平成30年度の事業承継税制の改正によって、事業承継における相続税・贈与税の納税猶予の適用要件が大幅に緩和され、活用できる範囲が広がりました。しかし不動産賃貸業は他の業種と比べると、税制の優遇措置の適用要件を満たすのは簡単ではありません。しかし事業の展開の仕方によって、活用が可能になるケースもあります。どのような場合に新・事業承継税制を活用できるのか。活用する際のポイントや注意点について、コンパッソ税理士法人の税理士・乙成保徳さんに詳しく解説していただきました。


1.新・事業承継税制とはどんな制度なのか

書類を見ながらミーティング

※photoACよりイメージ引用

まず平成30年度に改正された新・事業承継税制の概要を説明しましょう。

(1)事業承継税制の概要と改正された背景

事業承継税制は中小企業の事業承継を円滑に進めることを目的として平成21年に創設された優遇税制です。事業承継の際に後継者に課せられる相続税・贈与税の支払いが一定期間猶予され、いくつかの要件を満たしていれば支払いが猶予され続けるため、実質的に相続税と贈与税がゼロになります。

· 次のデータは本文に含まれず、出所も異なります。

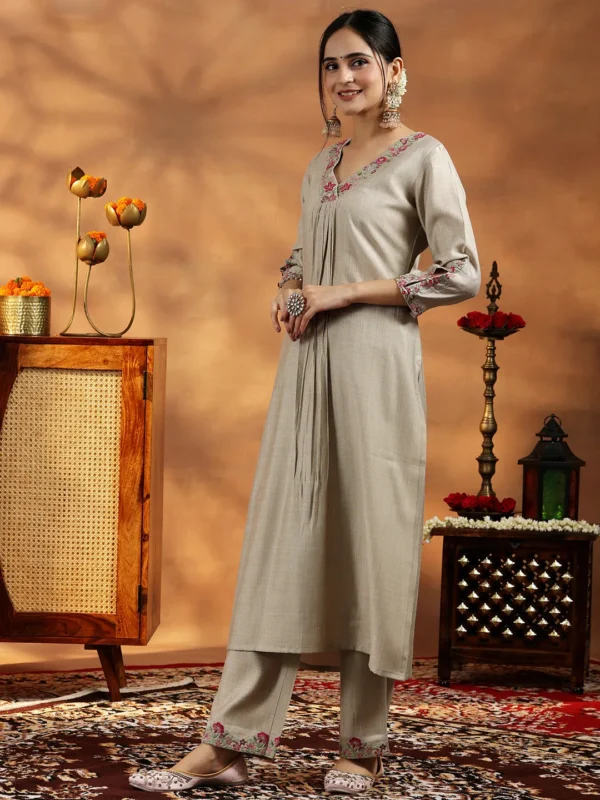 Women Beige Yoke Design Silk Blend Straight Suit With Dupatta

もともと事業承継税制は中小企業における経営者の高齢化の進行と後継者不在という慢性的な問題に対応するために作られたものです。しかし導入当初の事業承継税制は適用要件が厳しく、決して使い勝手が良いとは言えないものでした。中小企業の事業承継をさらに促進するために、適用要件を大幅に緩和する方向で平成30年度に改正されたのが「新・事業承継税制」です。

(2)平成30年度の税制改正で適用の要件が緩和

新・事業承継税制に変更され、贈与税・相続税を納めることを猶予する、さまざまな要件が緩和されました。特に大きな改正点は次の4つです。詳しく見ていきましょう。

1 納税猶予対象の株式の上限撤廃

施行当初の事業承継税制では納税が猶予されるのは保有する株式の2/3という上限が設定されていました。新・事業承継税制では上限が撤廃されて、すべての株式で適用されるようになったのです。また、以前の税制では猶予される割合が80%までだったのが、新税制では100%に変更されました。つまり、要件を満たせば、株式の贈与・相続に関する納税がすべて免除されることになるのです。

2 税制の対象となる後継者候補の数の拡大

旧事業承継税制では対象となるのが一人の後継者のみだったのが、新・事業承継税制では最大で3名までを対象とすることが可能になりました。例えば先代の経営者の子どもが複数いて、すぐには後継者を決められない場合でも、事業承継計画で対象となる後継者を3名まで設定して計画書に盛り込むことが出来るようになったのです。現実に即した改正といえるでしょう。

3 税制適用後の猶予打ち切りリスクの軽減

旧事業承継税制では税制を適用した後の5年間で、承継前の平均8割の雇用を維持しなければ、納税の猶予を打ち切るという条件がありました。この要件が高いハードルとなって、事業承継の促進の妨げとなっているケースもあったのです。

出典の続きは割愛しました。